O Governo prepara-se para desdobrar o terceiro e o sexto escalões do IRS, numa medida que deverá abranger cerca de um milhão de famílias (ver notícia na página 7). É uma medida que qualquer Governo gosta de anunciar a duas semanas de um ato eleitoral, embora o seu impacto real nos bolsos dos portugueses – que só se fará sentir na altura dos reembolsos relativos ao IRS de 2022, a poucos meses das eleições legislativas de 2023 – seja ainda pouco claro.

O diabo costuma estar nos detalhes e será o que acontece neste caso. O terceiro escalão escalão é o que tem o maior número de contribuintes e estamos provavelmente a falar de “tostões” que serão “distribuídos por muita gente”, como disse há dias o fiscalista João Espanha. Porém, ainda que o impacto nas contas públicas não seja muito significativo, não podemos esquecer que o país está a sair da crise pandémica com uma dívida pública superior a 130% do PIB.

Como irá o Governo compensar essa descida da receita de IRS em alguns escalões? Com novas taxas e taxinhas? Ou o aumento da carga fiscal sobre quem tem mais rendimentos? Talvez através do englobamento no IRS dos rendimentos prediais e de capitais, pondo fim às tributações autónomas, como propõe o Bloco de Esquerda?

É justo que quem tem rendimentos superiores pague impostos mais elevados, mas aumentar ainda mais a carga fiscal sobre essas famílias –  acantonadas num novo “super escalão” máximo de IRS – poderia não uma boa notícia para a poupança e o investimento, que são essenciais para que se possa criar riqueza. Além disso, estas medidas não atingem os verdadeiros ricos, que têm à disposição instrumentos de planeamento fiscal que lhes permitem pagar menos IRS. Ao passo que os profissionais que trabalham por conta de outrem não têm escapatória.

O certo é que, após anos de austeridade disfarçada e zero incentivos ao aforro e ao investimento, seria bom poder reduzir a carga fiscal suportada pelos portugueses, que no ano passado atingiu um valor recorde de 34,8% do PIB. Por exemplo, revogando medidas supostamente temporárias do tempo de Vítor Gaspar e da troika, como a taxa adicional de solidariedade.
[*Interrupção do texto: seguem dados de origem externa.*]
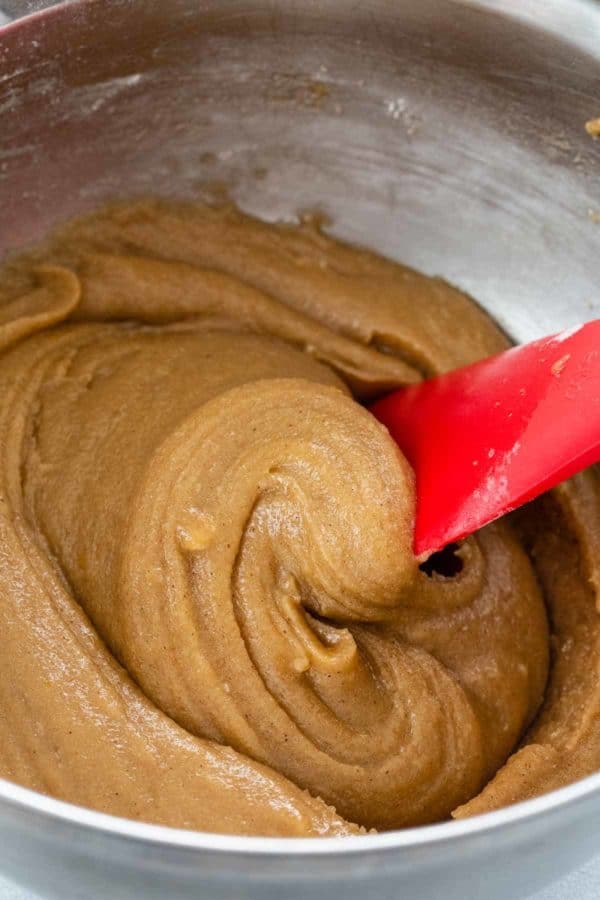 糖和棕色黄油燕麦饼干面团混合在一个碗中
Porém, tal apenas seria possível se o Estado – que este ano aumentou o número de funcionários públicos para o valor mais elevado de sempre – mudasse de vida, aproveitando as condições excecionais de financiamento e o poder de fogo da célebre bazuca para fazer as reformas necessárias.

 

Esta edição do Jornal Económico (JE) tem grafismo e conteúdos renovados, no âmbito de uma mudança de posicionamento que visa melhorar a experiência do leitor e chegar a novos públicos. Esta é apenas uma entre várias novidades que vamos apresentar este mês e que incluem uma nova marca, um site e uma app construídos de raiz e um reforço da nossa oferta de conteúdos digitais e audiovisuais. Porém, os valores e princípios que estão presentes desde a fundação do nosso jornal, há quase cinco anos – a 16 de setembro de 2016, para ser mais exato – permanecem os mesmos. O JE não mudou, transformou-se. E a si que nos lê e acompanha, obrigado pela confiança.